=== Record set ===
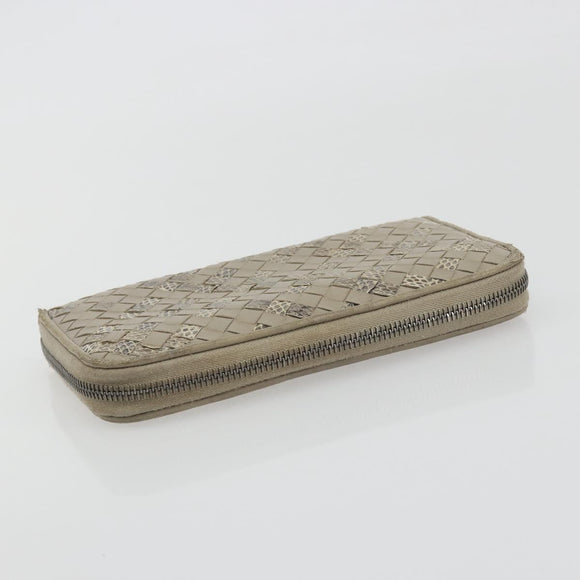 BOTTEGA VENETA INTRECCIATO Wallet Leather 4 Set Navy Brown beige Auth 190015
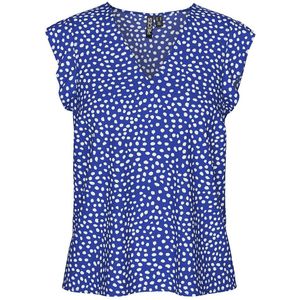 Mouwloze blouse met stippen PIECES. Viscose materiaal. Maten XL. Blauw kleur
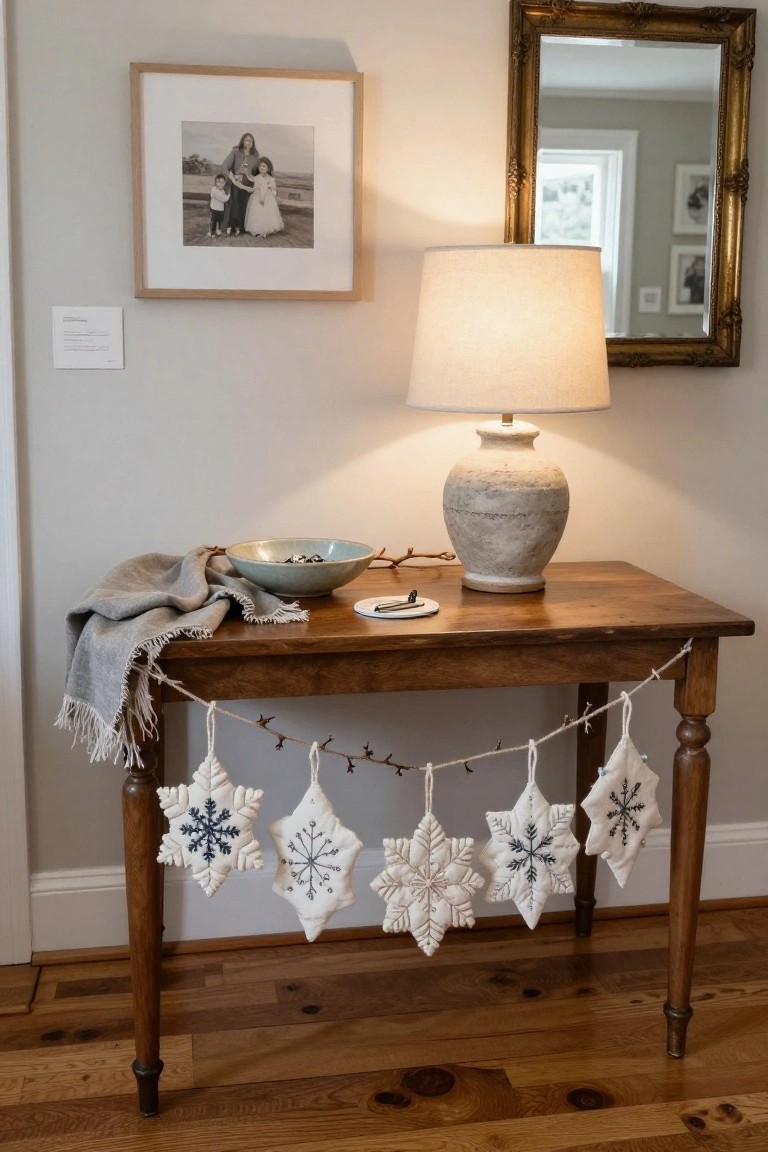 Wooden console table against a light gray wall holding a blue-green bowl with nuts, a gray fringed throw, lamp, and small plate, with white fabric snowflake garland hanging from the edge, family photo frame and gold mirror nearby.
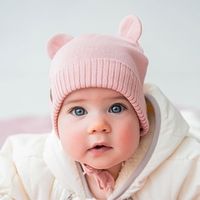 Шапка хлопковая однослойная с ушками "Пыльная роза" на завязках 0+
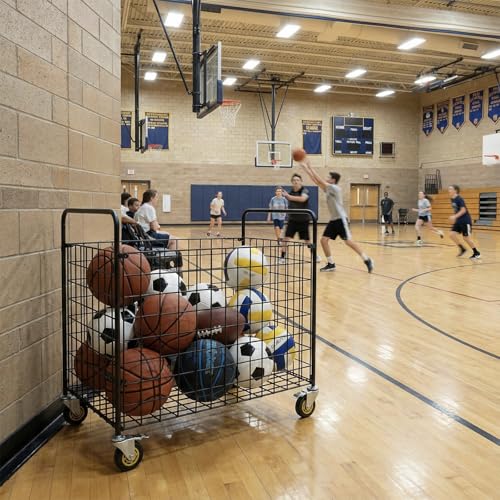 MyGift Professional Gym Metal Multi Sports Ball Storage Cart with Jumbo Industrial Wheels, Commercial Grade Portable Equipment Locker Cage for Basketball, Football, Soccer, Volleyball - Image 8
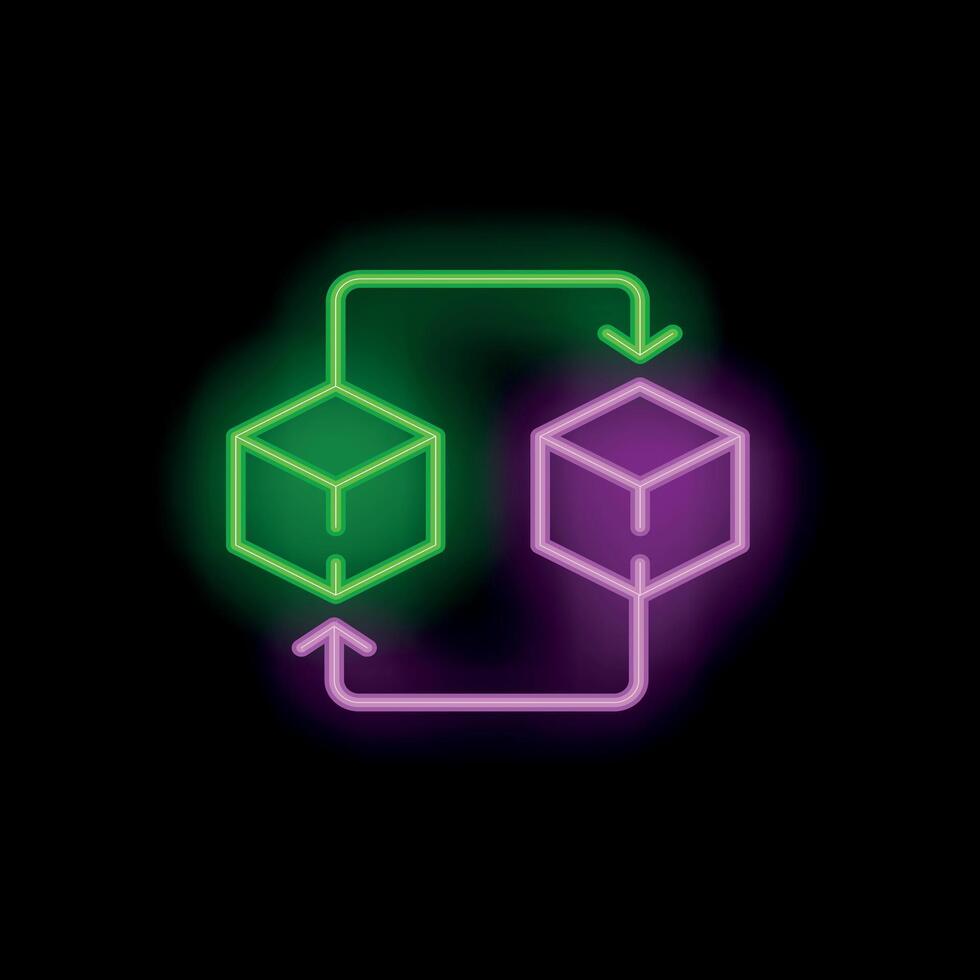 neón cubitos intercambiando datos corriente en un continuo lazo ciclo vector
===
=== Record set ===
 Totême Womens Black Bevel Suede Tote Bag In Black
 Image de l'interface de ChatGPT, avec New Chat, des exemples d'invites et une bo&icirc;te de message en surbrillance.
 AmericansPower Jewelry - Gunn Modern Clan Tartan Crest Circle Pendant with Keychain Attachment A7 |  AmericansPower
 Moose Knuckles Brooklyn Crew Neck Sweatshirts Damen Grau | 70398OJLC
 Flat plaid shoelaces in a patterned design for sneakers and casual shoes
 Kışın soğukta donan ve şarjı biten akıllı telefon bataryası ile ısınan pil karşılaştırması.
===
## Try it
Among the lines above, find the one with "Totême Womens Black" and the one with "Kışın soğukta donan". Quote both and everything between them, exactly.

## Result
 Totême Womens Black Bevel Suede Tote Bag In Black
 Image de l'interface de ChatGPT, avec New Chat, des exemples d'invites et une bo&icirc;te de message en surbrillance.
 AmericansPower Jewelry - Gunn Modern Clan Tartan Crest Circle Pendant with Keychain Attachment A7 |  AmericansPower
 Moose Knuckles Brooklyn Crew Neck Sweatshirts Damen Grau | 70398OJLC
 Flat plaid shoelaces in a patterned design for sneakers and casual shoes
 Kışın soğukta donan ve şarjı biten akıllı telefon bataryası ile ısınan pil karşılaştırması.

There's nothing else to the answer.